This dataset explores how the chemical composition of white wine relates to consumer-perceived quality. It includes instrumental measurements of 89 German white wines, linking them to crowd-sourced ratings from the Vivino platform. Wines were analyzed using:
- GC-MS (Gas Chromatography–Mass Spectrometry) for volatile organic compounds (VOCs)
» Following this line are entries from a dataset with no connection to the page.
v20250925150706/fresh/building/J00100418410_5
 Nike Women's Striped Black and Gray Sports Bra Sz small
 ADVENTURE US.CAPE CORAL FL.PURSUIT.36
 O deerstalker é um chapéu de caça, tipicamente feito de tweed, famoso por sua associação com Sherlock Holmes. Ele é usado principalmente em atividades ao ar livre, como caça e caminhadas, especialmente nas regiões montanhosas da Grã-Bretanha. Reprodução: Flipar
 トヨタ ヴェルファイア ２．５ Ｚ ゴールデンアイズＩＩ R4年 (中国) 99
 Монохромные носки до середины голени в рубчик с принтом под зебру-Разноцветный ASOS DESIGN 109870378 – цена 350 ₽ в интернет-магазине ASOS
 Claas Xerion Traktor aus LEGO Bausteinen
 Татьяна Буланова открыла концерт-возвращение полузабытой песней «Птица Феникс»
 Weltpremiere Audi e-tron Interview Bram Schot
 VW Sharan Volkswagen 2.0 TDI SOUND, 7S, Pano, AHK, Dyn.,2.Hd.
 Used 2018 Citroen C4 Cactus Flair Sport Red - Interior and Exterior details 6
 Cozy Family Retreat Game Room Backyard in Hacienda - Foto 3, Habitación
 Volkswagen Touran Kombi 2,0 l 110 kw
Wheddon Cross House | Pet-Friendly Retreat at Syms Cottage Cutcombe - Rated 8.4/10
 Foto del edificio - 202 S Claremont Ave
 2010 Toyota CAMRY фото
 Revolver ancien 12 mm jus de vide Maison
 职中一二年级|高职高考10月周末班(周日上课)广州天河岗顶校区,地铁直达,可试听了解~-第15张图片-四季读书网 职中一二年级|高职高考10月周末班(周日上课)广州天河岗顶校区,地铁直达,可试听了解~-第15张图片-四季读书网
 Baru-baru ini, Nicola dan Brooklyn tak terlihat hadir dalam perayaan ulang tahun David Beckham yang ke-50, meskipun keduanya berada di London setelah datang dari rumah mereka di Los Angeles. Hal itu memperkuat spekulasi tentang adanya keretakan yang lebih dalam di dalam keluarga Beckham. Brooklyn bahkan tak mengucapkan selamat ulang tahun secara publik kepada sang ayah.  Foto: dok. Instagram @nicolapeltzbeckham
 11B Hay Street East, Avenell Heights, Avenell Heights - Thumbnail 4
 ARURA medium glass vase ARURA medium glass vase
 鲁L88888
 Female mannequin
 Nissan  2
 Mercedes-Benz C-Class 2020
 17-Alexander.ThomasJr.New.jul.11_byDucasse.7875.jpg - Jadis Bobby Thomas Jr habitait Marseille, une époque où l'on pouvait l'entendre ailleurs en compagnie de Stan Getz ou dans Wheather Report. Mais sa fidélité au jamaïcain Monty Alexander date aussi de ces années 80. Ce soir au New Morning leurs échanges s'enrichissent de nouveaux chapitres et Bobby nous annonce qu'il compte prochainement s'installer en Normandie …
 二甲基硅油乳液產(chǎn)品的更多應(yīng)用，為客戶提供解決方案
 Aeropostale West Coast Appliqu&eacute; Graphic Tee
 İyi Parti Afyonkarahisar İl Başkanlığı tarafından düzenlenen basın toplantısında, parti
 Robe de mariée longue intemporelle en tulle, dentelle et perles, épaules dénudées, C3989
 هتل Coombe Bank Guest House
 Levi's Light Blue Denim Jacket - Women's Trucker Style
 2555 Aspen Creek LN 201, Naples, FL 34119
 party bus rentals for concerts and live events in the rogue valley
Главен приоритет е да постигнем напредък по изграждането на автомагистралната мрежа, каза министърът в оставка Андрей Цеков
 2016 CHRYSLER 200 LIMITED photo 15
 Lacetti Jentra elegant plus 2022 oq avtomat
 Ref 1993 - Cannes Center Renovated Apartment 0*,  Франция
- FT-IR (Fourier-Transform Infrared Spectroscopy) for physicochemical parameters
After data preprocessing, mid-level data fusion was applied to combine the two analytical platforms. A Partial Least Squares (PLS) regression model was then trained to predict Vivino ratings based on the fused chemical dataset.
| Component | Details |
|---|---|
| Number of wine samples | 89 (64 used in prediction model) |
| GC-MS variables (VOC features) | 145 |
| FT-IR variables | 18 |
| Fused data matrix size | 89 samples × 163 variables |
| Vivino rating range | 3.1 – 4.2 (on a 1–5 scale) |
| PLS model performance | R² = 0.98 (calibration), Q² = 0.74 (CV), RMSECV = 0.09 |
Key predictive compounds include esters, terpenoids, and reducing sugar. This is one of the first studies to link analytical wine chemistry to consumer quality perception via crowd-sourced data.